▶ Problem details
Please count how many lines in the entries below contain "Place" and reply with the figure alone.

***

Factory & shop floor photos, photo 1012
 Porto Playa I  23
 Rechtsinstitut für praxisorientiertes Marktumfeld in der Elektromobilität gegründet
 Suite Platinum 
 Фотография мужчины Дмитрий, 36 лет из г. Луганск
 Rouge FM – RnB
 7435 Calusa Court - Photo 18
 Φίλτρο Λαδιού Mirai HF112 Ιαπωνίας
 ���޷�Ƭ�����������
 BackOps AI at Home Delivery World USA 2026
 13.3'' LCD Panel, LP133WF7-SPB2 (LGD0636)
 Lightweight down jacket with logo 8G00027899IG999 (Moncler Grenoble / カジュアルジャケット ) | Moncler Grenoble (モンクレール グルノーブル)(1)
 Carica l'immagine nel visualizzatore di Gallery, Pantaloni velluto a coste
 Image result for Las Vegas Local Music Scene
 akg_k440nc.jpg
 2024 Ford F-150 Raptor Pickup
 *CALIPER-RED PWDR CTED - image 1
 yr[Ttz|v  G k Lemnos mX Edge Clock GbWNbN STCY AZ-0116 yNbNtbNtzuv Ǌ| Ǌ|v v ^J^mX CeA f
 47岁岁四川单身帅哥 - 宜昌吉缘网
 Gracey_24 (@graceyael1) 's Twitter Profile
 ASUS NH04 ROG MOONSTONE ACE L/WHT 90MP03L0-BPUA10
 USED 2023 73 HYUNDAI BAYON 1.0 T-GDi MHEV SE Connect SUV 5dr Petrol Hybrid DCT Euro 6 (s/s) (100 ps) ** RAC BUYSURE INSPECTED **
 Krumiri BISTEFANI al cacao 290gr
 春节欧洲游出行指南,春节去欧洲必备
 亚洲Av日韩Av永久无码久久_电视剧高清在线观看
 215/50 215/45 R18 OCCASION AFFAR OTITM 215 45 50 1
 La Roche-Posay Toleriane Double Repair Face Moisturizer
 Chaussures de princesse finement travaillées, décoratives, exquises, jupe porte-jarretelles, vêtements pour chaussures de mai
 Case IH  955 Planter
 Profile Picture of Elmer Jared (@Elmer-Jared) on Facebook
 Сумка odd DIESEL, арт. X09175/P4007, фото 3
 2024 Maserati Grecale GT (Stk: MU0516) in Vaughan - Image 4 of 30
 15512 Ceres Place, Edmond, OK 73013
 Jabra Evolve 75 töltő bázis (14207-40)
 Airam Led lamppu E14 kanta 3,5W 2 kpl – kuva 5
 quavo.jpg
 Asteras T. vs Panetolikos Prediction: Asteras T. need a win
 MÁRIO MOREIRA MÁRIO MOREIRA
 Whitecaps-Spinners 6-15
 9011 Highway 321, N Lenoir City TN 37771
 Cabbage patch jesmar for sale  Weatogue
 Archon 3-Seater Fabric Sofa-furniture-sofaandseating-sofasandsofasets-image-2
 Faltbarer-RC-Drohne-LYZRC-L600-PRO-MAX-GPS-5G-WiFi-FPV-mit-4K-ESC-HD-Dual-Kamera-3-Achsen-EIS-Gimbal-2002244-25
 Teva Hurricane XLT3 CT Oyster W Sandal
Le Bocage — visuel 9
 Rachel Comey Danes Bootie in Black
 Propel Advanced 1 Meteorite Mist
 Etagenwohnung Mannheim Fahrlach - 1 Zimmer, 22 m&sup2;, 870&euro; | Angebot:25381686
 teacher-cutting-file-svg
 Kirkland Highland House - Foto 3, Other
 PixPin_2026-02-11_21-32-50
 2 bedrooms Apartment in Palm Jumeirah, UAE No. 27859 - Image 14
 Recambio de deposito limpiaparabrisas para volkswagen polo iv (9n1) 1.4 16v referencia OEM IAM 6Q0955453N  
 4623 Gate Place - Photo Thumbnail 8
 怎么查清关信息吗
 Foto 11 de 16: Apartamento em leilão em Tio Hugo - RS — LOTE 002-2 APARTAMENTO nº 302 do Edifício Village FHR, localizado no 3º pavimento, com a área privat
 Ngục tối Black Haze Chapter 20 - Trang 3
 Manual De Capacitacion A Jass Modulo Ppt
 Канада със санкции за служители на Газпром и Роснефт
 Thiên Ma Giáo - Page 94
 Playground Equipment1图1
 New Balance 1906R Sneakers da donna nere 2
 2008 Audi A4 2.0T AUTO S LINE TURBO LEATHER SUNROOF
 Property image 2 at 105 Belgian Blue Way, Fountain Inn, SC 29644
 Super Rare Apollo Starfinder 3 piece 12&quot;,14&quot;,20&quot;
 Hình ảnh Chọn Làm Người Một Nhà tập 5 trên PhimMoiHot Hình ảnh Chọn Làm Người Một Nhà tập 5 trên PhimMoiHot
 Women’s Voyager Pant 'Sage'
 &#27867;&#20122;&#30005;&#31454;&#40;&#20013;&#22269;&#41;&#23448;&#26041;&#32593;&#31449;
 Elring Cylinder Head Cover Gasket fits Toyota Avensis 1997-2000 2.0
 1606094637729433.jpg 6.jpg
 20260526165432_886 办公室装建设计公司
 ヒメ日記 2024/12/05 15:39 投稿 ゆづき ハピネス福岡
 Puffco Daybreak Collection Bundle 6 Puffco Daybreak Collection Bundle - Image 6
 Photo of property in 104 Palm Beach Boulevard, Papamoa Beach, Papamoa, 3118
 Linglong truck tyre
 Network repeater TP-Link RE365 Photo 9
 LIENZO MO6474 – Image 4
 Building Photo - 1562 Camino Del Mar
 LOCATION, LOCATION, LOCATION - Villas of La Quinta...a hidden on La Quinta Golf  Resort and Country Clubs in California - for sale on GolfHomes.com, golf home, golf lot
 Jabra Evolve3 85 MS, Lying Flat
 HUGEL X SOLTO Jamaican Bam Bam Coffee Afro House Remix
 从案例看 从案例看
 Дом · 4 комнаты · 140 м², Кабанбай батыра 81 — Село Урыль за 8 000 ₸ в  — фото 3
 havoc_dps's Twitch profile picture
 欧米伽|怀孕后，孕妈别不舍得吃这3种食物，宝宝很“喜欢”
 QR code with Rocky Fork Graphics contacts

***

▶ Response to this exercise
2